The phrase “born and raised” becomes less passive and more active and ongoing for Paul Gribble. Though he was born and raised in the traditional sense in the Blue Ridge Mountain area, he is now returning the favor to Blue Ridge, Georgia, bringing new life to its economy and raising its visitor experience.
Following successful stints in car dealerships and real estate practice taught by his father, Gribble started Georgia Mountain Cabin Rentals (GMCR) in 2004 in the vibrant mountain town of Blue Ridge. At the time, there were only a few property managers there, but he saw the potential for an emerging business and started GMCR, managing just one property. Today, his company manages about 50 homes with nine full-time staff and 11 independent contractor cleaners.
The homes they manage are primarily second homes for future retirees who “have their heart in Blue Ridge,” according to Gribble. The homes aren’t necessarily luxury properties, he said, but he and his team make sure guests get more value than they are paying for. They focus on customer service and delivering beyond expectations, including personal phone communication and attention to details such as pets’ names and special occasions. They often provide gift baskets, pet treats, and hand-signed thank-you notes from the entire staff. “It doesn’t take a lot of money but makes a big impression,” Gribble said.
And it works. GMCR has a 68 percent repeat guest rate and checks in nearly 10,000 guests annually—without the use of OTAs.
The company tested a small group of properties on different OTAs over the past two years but found that there were more instances of property damage among OTA guests, the reservations were mostly for peak times that would have booked anyway, and they lost the customer touch they are known for. To them and their homeowners, this wasn’t worth the commission rates. Instead, GMCR pushes the #bookdirect message in its marketing and works hard to make sure guests return.
Most of GMCR’s guests come from Atlanta and Florida where Blue Ridge is the first real mountain town they can get to coming north. Families come during summer and school vacations, and couples and small groups visit for Valentine’s Day, leaf peeping in the fall, and festivals throughout the year.

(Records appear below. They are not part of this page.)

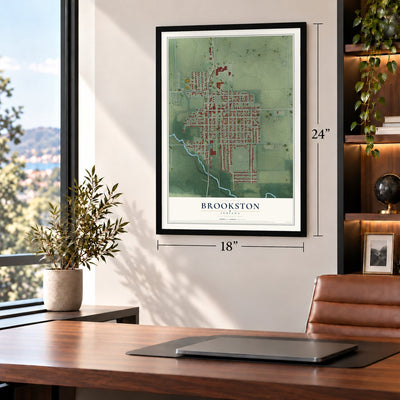 Brookston, Indiana map, 18 x 24 inch print in a black frame in a home office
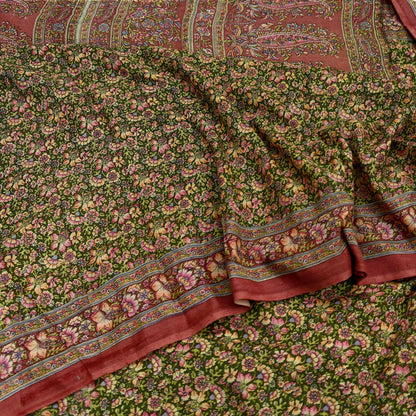 Indian Vintage Sari Brown & Green Printed Pure Cotton Sarees Fabric Floral 5Yd Sarong Wrap Boho Fabric Kimono Dress making Crafting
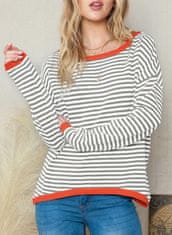 Nikcorp Ženski prugasti džemper okruglog izreza dugih rukava za jesen i zimu, sivi, veličina XXL, udoban i topao casual stil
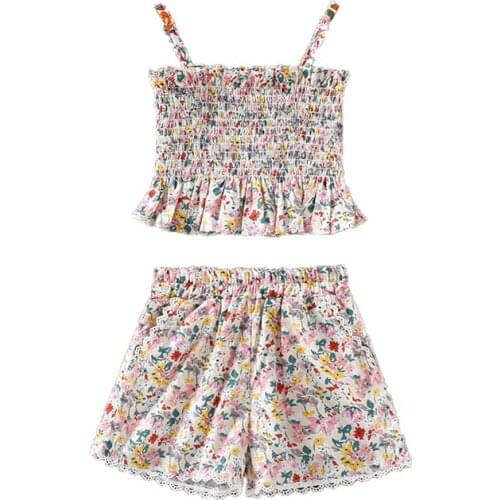 2021 Girls Clothes Set Multicolor Floral Printed Pattern Sleeveless Tops + Shorts Girls Kids Clothing Set Two Piece Set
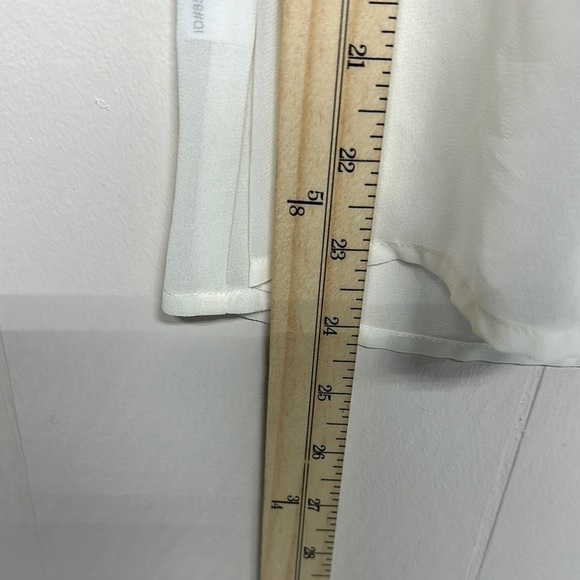 LOFT Cream Blouse with Bib Collar and Ruffled 3/4 Sleeves - Picture 8 of 10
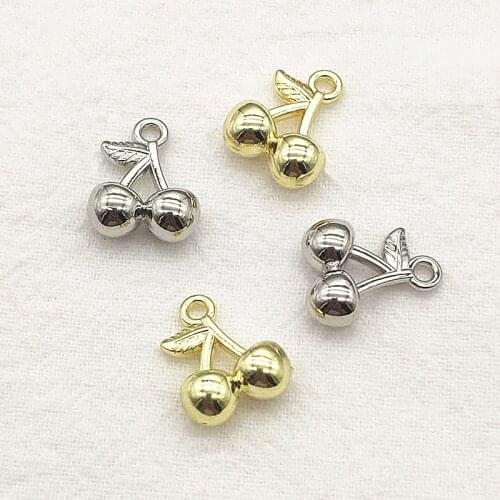 New Arrival! 15x12mm 100pcs Zinc Alloy Cherry Shape Charm For Handmade Necklace Accessories Earring Parts DIY Jewelry Findings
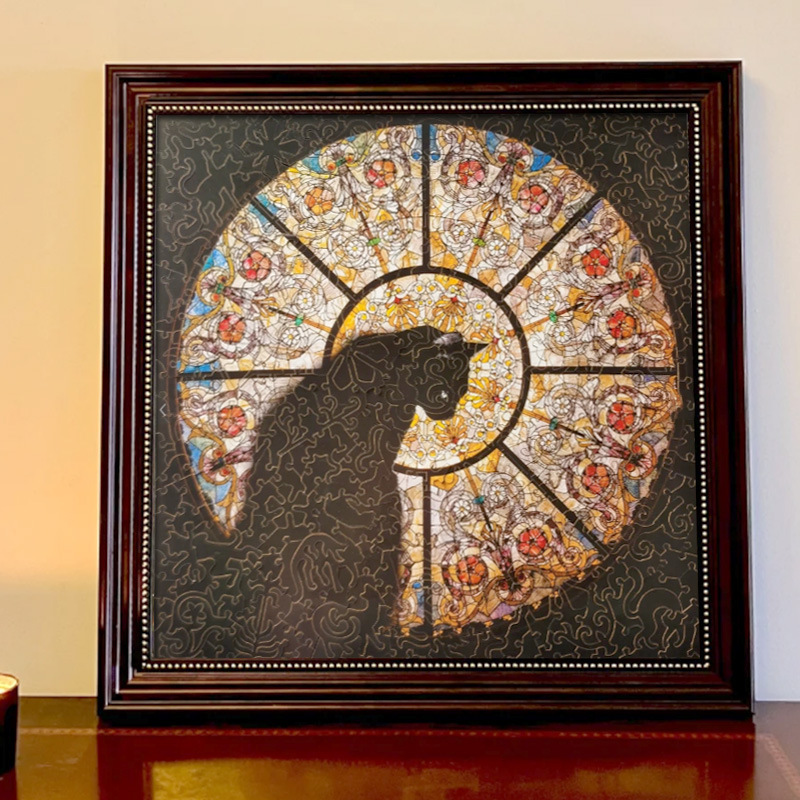 Church Cat Puzzle Frame Cathedral Cat Shaped Puzzle Mounted 30*30cm Solid Wood Photo Frame Puzzle Frame Church Cat Puzzle Frame Cathedral Cat Shaped Puzzle Mounted 30*30cm Solid Wood Photo Frame Puzzle Frame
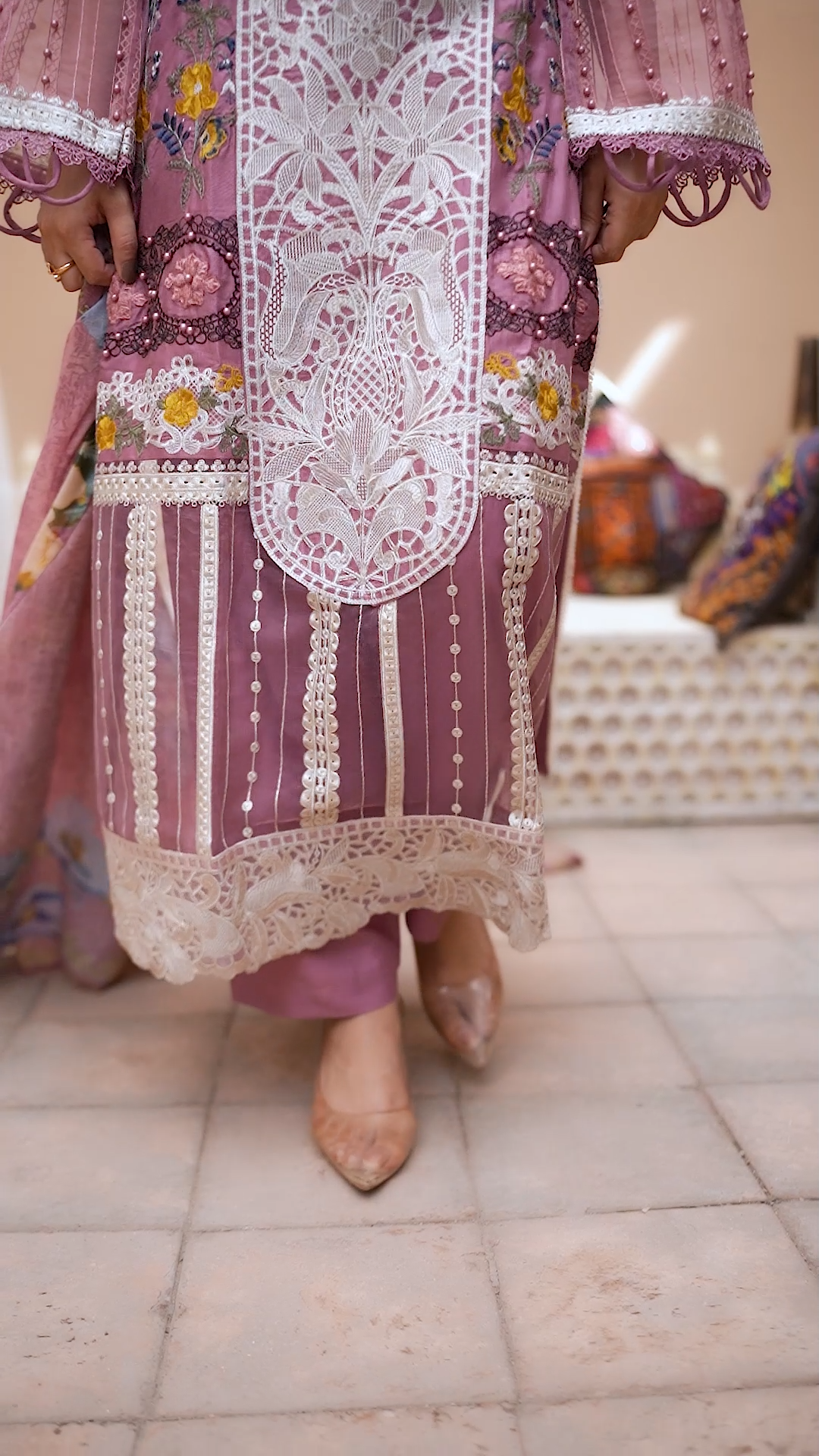 S Creations ‘Daniyah’ | Embroidered Linen Readymade | SC115 (Lilac)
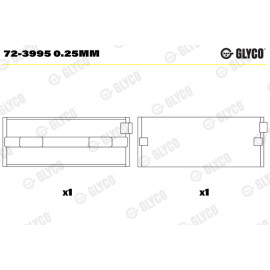 Комплект вкладышей двигателя Glyco 723995025mm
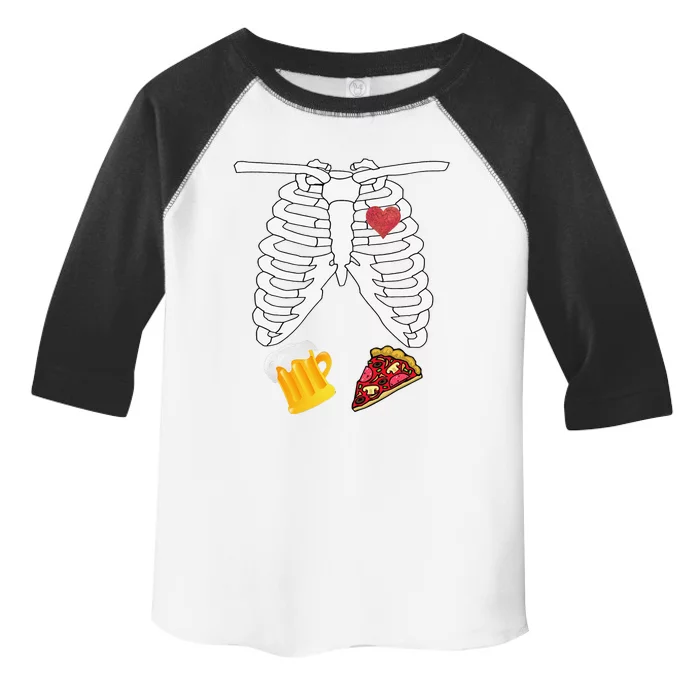 Funny Pregnancy Skeleton Beer Bottle Pizza Scary Creepy Dad Toddler Fine Jersey T-Shirt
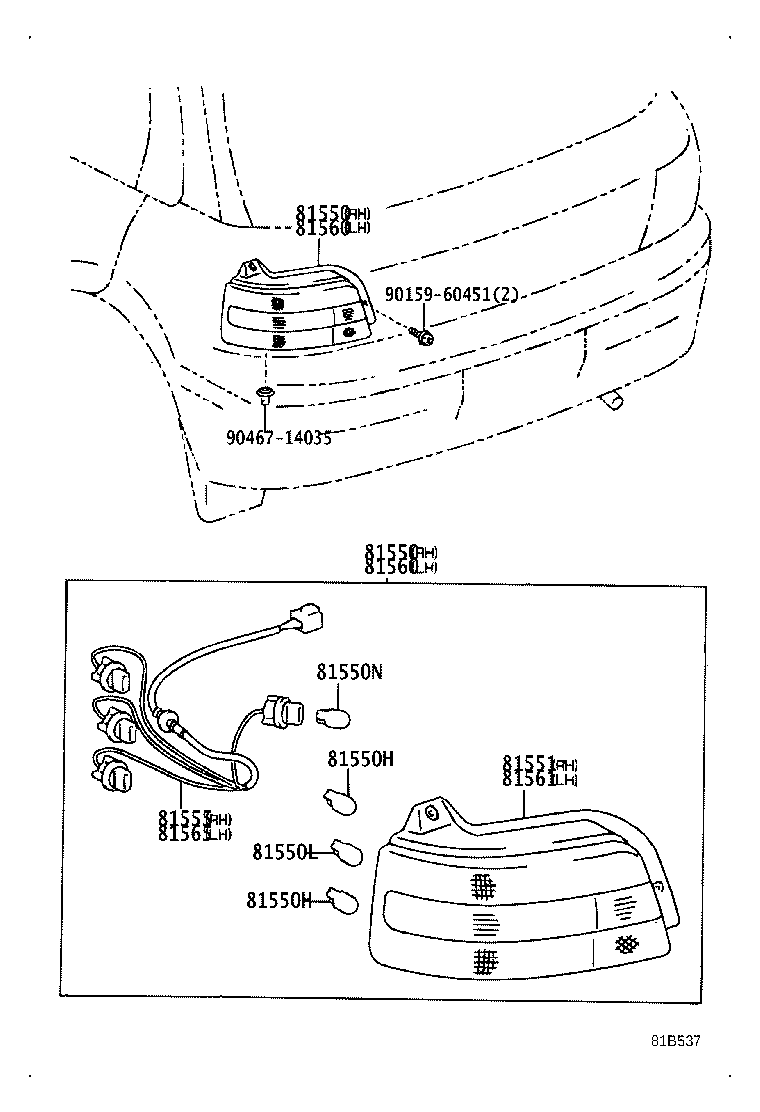 81555-10290 SOCKET & WIRE SUB-ASSY, REAR COMBINATION LAMP, RH product image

One of those festivals is the Blue Ridge Blues and BBQ Festival, a three-day weekend of music, food, and other celebrations of local culture. The Blue Ridge Lodging Association created the festival eight years ago in an effort to bring tourists to the otherwise quiet dip in the season. “You could shoot a cannon up our main street and not hit anything on that weekend,” Gribble said. Now, the third weekend of September every year is considered a holiday in the town because it’s as full as it is on the 4th of July. The annual event draws around $2 million to the area and raises tens of thousands of dollars for local children’s charities.
The lodging association itself serves as a strong model of collaboration for other vacation rental markets to follow. Among its members are vacation rental managers, B&Bs, and two hotels (including Gribble’s own Reid Ridge Hotel). Gribble was the association’s first nonfounder member, and he now serves as its president. Its goal is to set a high standard of achievement for providers with minimum membership requirements to make sure guests who come to Blue Ridge get the “good warm fuzzies” and want to come back, he said.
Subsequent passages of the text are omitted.